* Simple reflection example to obtain type information:
```csharp
int i = 42;
Type type = i.GetType();
Console.WriteLine(type);
```
* Use strings to invoke methods:
```csharp
// Without reflection
var foo = new Foo();
foo.PrintHello();
// With reflection
Object foo = Activator.CreateInstance
("complete.classpath.and.Foo");
MethodInfo method = foo
.GetType()
.GetMethod("PrintHello");
method.Invoke(foo, null);
```
### Attributes
* [Attributes](https://learn.microsoft.com/en-us/dotnet/standard/attributes/
) can be used to extend methods, classes, or even entire programs with new ***metadata***
* Metadata is information about the types defined
* Attributes use reflection so the program can examine its own metadata
* Here's an example of the built-in [SerializableAttribute](https://learn.microsoft.com/en-us/dotnet/api/system.serializableattribute?view=net-9.0).

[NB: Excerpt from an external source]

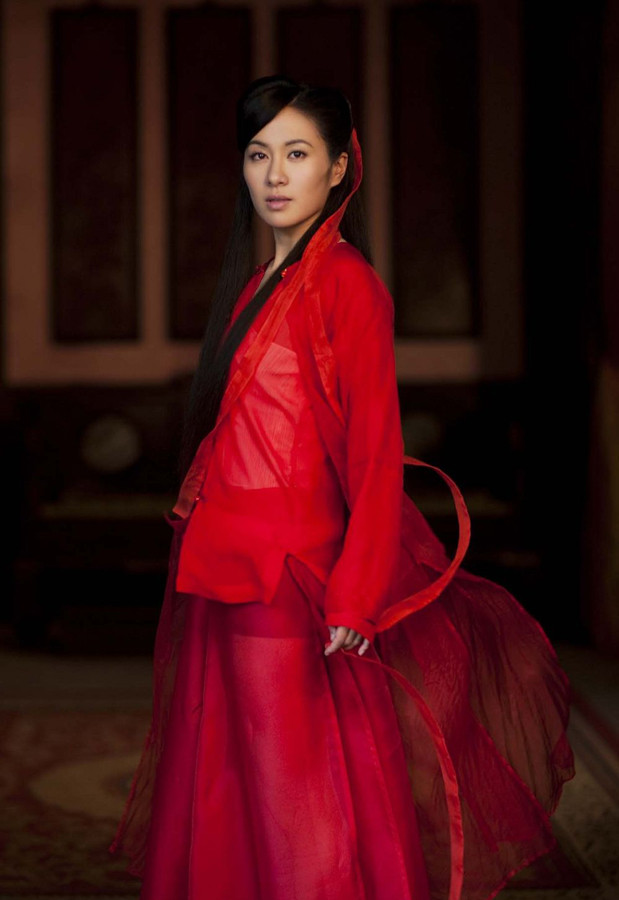 Diệp Tuyền lung linh cùng sắc đỏ Diệp Tuyền lung linh cùng sắc đỏ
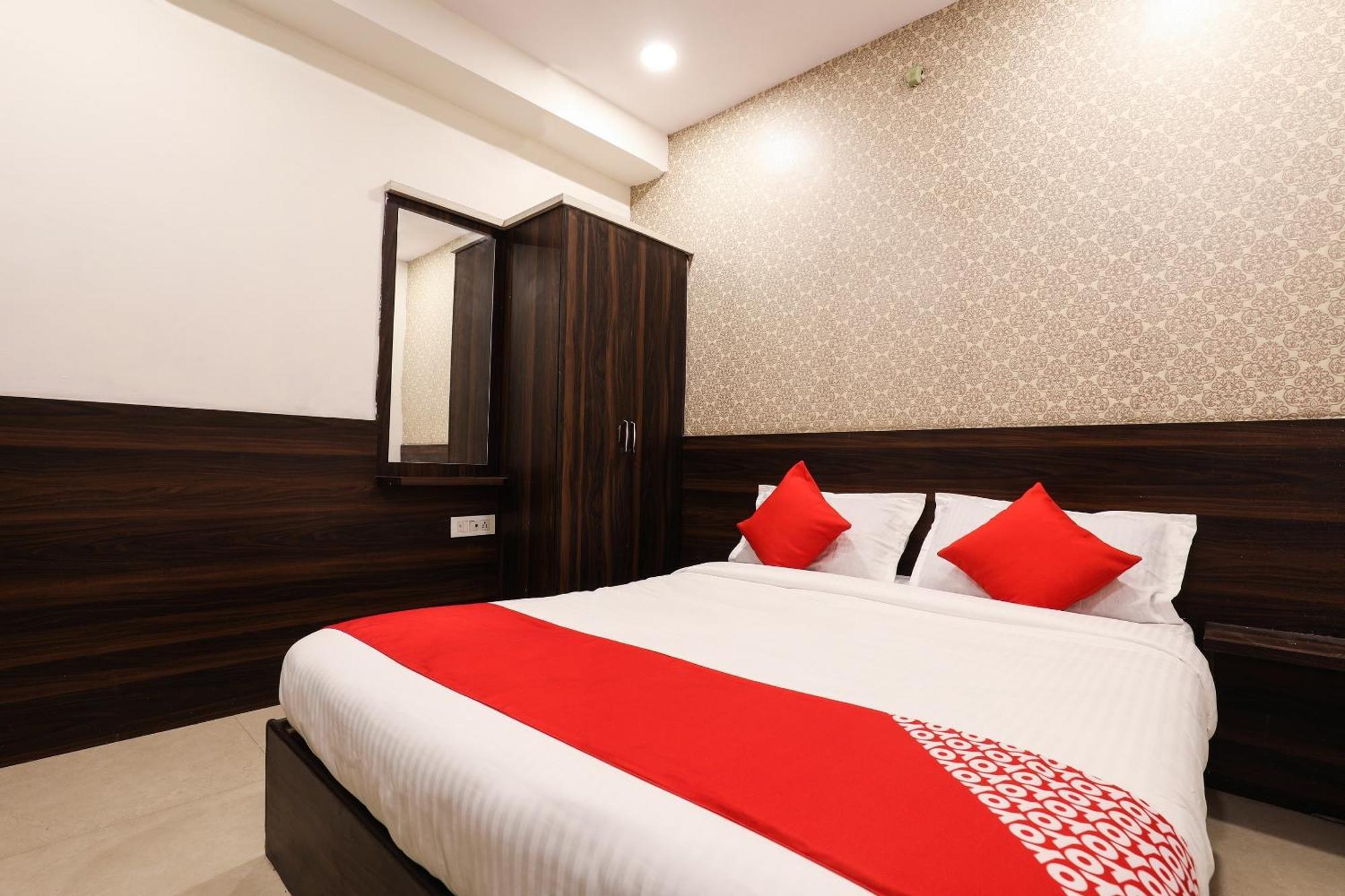 O Deccan And Boarding Hotel 3*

* Attribute is used by placing its name in square brackets `[]` above the declaration of the entity you want it to apply to
```csharp
[Serializable]
public class SampleClass
{
// Objects of this type can be serialized.
}
```
---
* Attributes can also have parameters:
```csharp
[Obsolete("Will be removed in next version.")]
public static int Add(int a, int b)
{
return (a + b);
}
```
* You can add multiple attributes either on separate lines or by separating them with a comma:
```csharp
[Conditional("DEBUG")]
[Conditional("TEST1")]
void TraceMethod()
{
// ...
}
```
```csharp
[Conditional("DEBUG"), Conditional("TEST1")]
void TraceMethod()
{
// ...
}
```
### Custom attributes
* You can write your own [custom attributes](https://learn.microsoft.com/en-us/dotnet/standard/attributes/writing-custom-attributes) by inheriting from the `Attribute` class
```csharp
// This defaults to Inherited = true.
public class MyAttribute : Attribute
{
//...
}
```
* Then, you can use it like any other attribute
```csharp
public class MyClass
{
[MyAttribute]
public virtual void MyMethod()
{
//...
}
}
```
## Dependency Injection
### The problem
* Traditionally, when new objects of classes are instantiated, the consuming class handles the creation of the objects
* Many classes change their functionality throughout the development of any project
* This means that also _every single_ consuming class has to change
* This is called *__tight coupling__*
* What we want instead is [***loose coupling***](https://en.wikipedia.org/wiki/Loose_coupling), where components have little or no knowledge about separate components' definitions, and a change in one component doesn't necessitate a change in another
### The solution
* What if, instead of directly creating the objects, they were provided by some interface that takes care of the creation?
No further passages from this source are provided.